[Data extracted from a collection]

§

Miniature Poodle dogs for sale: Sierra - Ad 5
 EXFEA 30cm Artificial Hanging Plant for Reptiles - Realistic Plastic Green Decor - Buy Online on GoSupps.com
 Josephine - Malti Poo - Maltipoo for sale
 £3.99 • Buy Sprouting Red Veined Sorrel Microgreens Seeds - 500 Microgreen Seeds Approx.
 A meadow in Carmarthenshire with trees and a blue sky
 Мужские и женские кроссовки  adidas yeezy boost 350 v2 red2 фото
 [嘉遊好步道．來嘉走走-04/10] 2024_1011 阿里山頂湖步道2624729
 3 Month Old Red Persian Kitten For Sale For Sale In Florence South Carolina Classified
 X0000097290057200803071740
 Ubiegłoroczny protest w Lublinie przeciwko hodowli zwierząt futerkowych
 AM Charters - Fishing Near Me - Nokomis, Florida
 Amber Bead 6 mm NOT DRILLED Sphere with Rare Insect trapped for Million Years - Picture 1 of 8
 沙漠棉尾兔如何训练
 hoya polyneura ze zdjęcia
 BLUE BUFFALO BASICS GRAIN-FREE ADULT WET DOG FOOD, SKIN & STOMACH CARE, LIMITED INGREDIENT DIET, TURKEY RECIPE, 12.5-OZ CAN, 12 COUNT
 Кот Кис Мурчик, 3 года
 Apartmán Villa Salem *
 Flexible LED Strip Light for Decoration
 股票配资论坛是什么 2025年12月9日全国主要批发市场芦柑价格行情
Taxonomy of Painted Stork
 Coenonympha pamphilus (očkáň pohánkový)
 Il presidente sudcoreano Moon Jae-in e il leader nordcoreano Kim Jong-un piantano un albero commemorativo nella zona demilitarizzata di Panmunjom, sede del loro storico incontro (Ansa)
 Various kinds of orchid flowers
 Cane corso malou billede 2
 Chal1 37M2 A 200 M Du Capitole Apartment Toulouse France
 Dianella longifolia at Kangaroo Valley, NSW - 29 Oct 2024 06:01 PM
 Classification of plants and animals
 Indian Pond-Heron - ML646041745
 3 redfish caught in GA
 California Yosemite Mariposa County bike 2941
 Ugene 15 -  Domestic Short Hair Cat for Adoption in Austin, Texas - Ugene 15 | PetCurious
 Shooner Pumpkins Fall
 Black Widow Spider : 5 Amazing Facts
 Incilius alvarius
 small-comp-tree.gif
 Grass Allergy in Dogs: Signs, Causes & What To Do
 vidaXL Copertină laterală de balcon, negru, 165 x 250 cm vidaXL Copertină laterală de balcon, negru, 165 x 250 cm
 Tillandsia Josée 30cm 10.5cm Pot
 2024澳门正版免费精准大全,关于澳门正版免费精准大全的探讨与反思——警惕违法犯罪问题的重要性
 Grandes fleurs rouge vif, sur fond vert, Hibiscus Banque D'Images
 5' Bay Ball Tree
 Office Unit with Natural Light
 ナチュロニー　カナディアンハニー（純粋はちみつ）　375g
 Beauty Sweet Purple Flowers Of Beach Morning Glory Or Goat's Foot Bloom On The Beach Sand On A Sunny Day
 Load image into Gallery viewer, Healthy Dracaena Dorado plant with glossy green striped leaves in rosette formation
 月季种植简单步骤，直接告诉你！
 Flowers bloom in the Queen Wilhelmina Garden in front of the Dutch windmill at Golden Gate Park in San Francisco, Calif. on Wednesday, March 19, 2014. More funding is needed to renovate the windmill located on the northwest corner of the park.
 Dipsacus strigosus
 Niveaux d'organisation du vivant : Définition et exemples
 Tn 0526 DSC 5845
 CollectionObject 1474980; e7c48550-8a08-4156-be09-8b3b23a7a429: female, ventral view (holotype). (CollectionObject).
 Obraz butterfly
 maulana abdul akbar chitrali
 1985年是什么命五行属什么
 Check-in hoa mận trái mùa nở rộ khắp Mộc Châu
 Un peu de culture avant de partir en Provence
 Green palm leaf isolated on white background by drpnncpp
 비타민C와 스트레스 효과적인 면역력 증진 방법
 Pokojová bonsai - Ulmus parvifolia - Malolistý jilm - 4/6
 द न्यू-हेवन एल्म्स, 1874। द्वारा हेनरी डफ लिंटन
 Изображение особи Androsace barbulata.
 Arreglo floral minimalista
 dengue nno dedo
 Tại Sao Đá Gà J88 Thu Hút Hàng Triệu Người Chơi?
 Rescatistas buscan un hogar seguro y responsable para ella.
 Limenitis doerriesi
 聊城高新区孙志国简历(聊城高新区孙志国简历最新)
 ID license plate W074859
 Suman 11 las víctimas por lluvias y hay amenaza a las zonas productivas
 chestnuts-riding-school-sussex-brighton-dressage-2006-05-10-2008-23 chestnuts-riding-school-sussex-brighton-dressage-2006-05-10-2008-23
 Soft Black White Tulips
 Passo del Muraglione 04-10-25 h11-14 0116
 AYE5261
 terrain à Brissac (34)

§

▸ Task prompt:
Could you restate the records above word for word?

▸ Solved exercise:
Miniature Poodle dogs for sale: Sierra - Ad 5
 EXFEA 30cm Artificial Hanging Plant for Reptiles - Realistic Plastic Green Decor - Buy Online on GoSupps.com
 Josephine - Malti Poo - Maltipoo for sale
 £3.99 • Buy Sprouting Red Veined Sorrel Microgreens Seeds - 500 Microgreen Seeds Approx.
 A meadow in Carmarthenshire with trees and a blue sky
 Мужские и женские кроссовки  adidas yeezy boost 350 v2 red2 фото
 [嘉遊好步道．來嘉走走-04/10] 2024_1011 阿里山頂湖步道2624729
 3 Month Old Red Persian Kitten For Sale For Sale In Florence South Carolina Classified
 X0000097290057200803071740
 Ubiegłoroczny protest w Lublinie przeciwko hodowli zwierząt futerkowych
 AM Charters - Fishing Near Me - Nokomis, Florida
 Amber Bead 6 mm NOT DRILLED Sphere with Rare Insect trapped for Million Years - Picture 1 of 8
 沙漠棉尾兔如何训练
 hoya polyneura ze zdjęcia
 BLUE BUFFALO BASICS GRAIN-FREE ADULT WET DOG FOOD, SKIN & STOMACH CARE, LIMITED INGREDIENT DIET, TURKEY RECIPE, 12.5-OZ CAN, 12 COUNT
 Кот Кис Мурчик, 3 года
 Apartmán Villa Salem *
 Flexible LED Strip Light for Decoration
 股票配资论坛是什么 2025年12月9日全国主要批发市场芦柑价格行情
Taxonomy of Painted Stork
 Coenonympha pamphilus (očkáň pohánkový)
 Il presidente sudcoreano Moon Jae-in e il leader nordcoreano Kim Jong-un piantano un albero commemorativo nella zona demilitarizzata di Panmunjom, sede del loro storico incontro (Ansa)
 Various kinds of orchid flowers
 Cane corso malou billede 2
 Chal1 37M2 A 200 M Du Capitole Apartment Toulouse France
 Dianella longifolia at Kangaroo Valley, NSW - 29 Oct 2024 06:01 PM
 Classification of plants and animals
 Indian Pond-Heron - ML646041745
 3 redfish caught in GA
 California Yosemite Mariposa County bike 2941
 Ugene 15 -  Domestic Short Hair Cat for Adoption in Austin, Texas - Ugene 15 | PetCurious
 Shooner Pumpkins Fall
 Black Widow Spider : 5 Amazing Facts
 Incilius alvarius
 small-comp-tree.gif
 Grass Allergy in Dogs: Signs, Causes & What To Do
 vidaXL Copertină laterală de balcon, negru, 165 x 250 cm vidaXL Copertină laterală de balcon, negru, 165 x 250 cm
 Tillandsia Josée 30cm 10.5cm Pot
 2024澳门正版免费精准大全,关于澳门正版免费精准大全的探讨与反思——警惕违法犯罪问题的重要性
 Grandes fleurs rouge vif, sur fond vert, Hibiscus Banque D'Images
 5' Bay Ball Tree
 Office Unit with Natural Light
 ナチュロニー　カナディアンハニー（純粋はちみつ）　375g
 Beauty Sweet Purple Flowers Of Beach Morning Glory Or Goat's Foot Bloom On The Beach Sand On A Sunny Day
 Load image into Gallery viewer, Healthy Dracaena Dorado plant with glossy green striped leaves in rosette formation
 月季种植简单步骤，直接告诉你！
 Flowers bloom in the Queen Wilhelmina Garden in front of the Dutch windmill at Golden Gate Park in San Francisco, Calif. on Wednesday, March 19, 2014. More funding is needed to renovate the windmill located on the northwest corner of the park.
 Dipsacus strigosus
 Niveaux d'organisation du vivant : Définition et exemples
 Tn 0526 DSC 5845
 CollectionObject 1474980; e7c48550-8a08-4156-be09-8b3b23a7a429: female, ventral view (holotype). (CollectionObject).
 Obraz butterfly
 maulana abdul akbar chitrali
 1985年是什么命五行属什么
 Check-in hoa mận trái mùa nở rộ khắp Mộc Châu
 Un peu de culture avant de partir en Provence
 Green palm leaf isolated on white background by drpnncpp
 비타민C와 스트레스 효과적인 면역력 증진 방법
 Pokojová bonsai - Ulmus parvifolia - Malolistý jilm - 4/6
 द न्यू-हेवन एल्म्स, 1874। द्वारा हेनरी डफ लिंटन
 Изображение особи Androsace barbulata.
 Arreglo floral minimalista
 dengue nno dedo
 Tại Sao Đá Gà J88 Thu Hút Hàng Triệu Người Chơi?
 Rescatistas buscan un hogar seguro y responsable para ella.
 Limenitis doerriesi
 聊城高新区孙志国简历(聊城高新区孙志国简历最新)
 ID license plate W074859
 Suman 11 las víctimas por lluvias y hay amenaza a las zonas productivas
 chestnuts-riding-school-sussex-brighton-dressage-2006-05-10-2008-23 chestnuts-riding-school-sussex-brighton-dressage-2006-05-10-2008-23
 Soft Black White Tulips
 Passo del Muraglione 04-10-25 h11-14 0116
 AYE5261
 terrain à Brissac (34)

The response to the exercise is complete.